The website and political game project “GOP Arcade” (@GOParcade) offers telling insights into not only the issues of the 2016 election in the United States, but also the ways media and gaming can be used to influence voters and communicate serious political messages. The site features 8 bit online games (that means they have very simple graphics, think Atari 2600) which target a specific political viewpoint or dynamic from or involving the conservative right.

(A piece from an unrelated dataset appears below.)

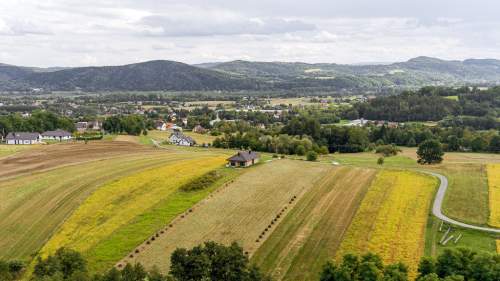 Działka rolno-budowlana z WZ Jurków - gm. Czchów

Consider the game, “Bomb the Right Place.” It’s actually a fairly challenging geography challenge, in which players are presented with the name of an international city to correctly find on a regional map so it can be bombed. Prompts, however, are written from the perspective of a national command authority which sees bombing as the only viable political option. The initial regional map players are shown includes national boundaries but not labeled country names. After guessing the location of the named city, players are shown the number of miles their guess was off and given a corresponding accuracy score for their “virtual bomb.” Players can progress through a multitude of stages, but if they ever select “Let’s Look at Diplomatic Options,” the game is over because “You made America look weak.”
The Atlantic reported in March 2016 that the number of civilians killed by U.S. drone strikes in the past eight years is significant:
The notion that the Obama Administration has carried out drone strikes only when there is “near-certainty of no collateral damage” is easily disproved propaganda. America hasn’t killed a handful of innocents or a few dozen in the last 8 years. Credible, independent attempts to determine how many civilians the Obama administration has killed arrived at numbers in the hundreds or low thousands. And there is good reason to believe that they undercount the civilians killed.
That article and these statistics are not linked from the GOP Arcade website, but questions like this (“How many civilians have U.S. drone strikes killed since President Obama took office?”) are exactly the kinds of questions GOP Arcade developers are hoping young voters will ask and pursue as a result of their interaction with and exposure to the site’s games.
Beware that, just as we’ve seen in the U.S. Presidential debates and election discussion, the actual content of these games can be perceived as inappropriate and offensive. In “TRUMP TOSS” players are challenged to “Fling Mexicans over a wall and make America great again!” In “SCIENCE FIGHTER” players are encouraged to “Kill scientists! Collect campaign contributions!” Another game (which I won’t link here) was recently posted to the developer’s Twitter channel and has a separate domain, and references sexual harassment allegation controversies teachers are likely to NOT want to bring up in class. This is the landscape of our current election season, however, and it’s both humorous as well as troubling to consider the issues GOP Arcade raises.
Thanks to Andrew Watts (@thatswattsup) for highlighting GOP Arcade in his October 24, 2016, article for Backchannel, “The News Is Now Literally a Video Game.” (@backchnnl) Read the article for more insights from GOP Arcade co-founder Chris Baker about why his team created the site and what they want to accomplish with it. According to Chris:
Our ultimate goal with the GOP Arcade was to create a gaming platform that simultaneously existed as op-ed commentary and as an education to people about the important issues in the election.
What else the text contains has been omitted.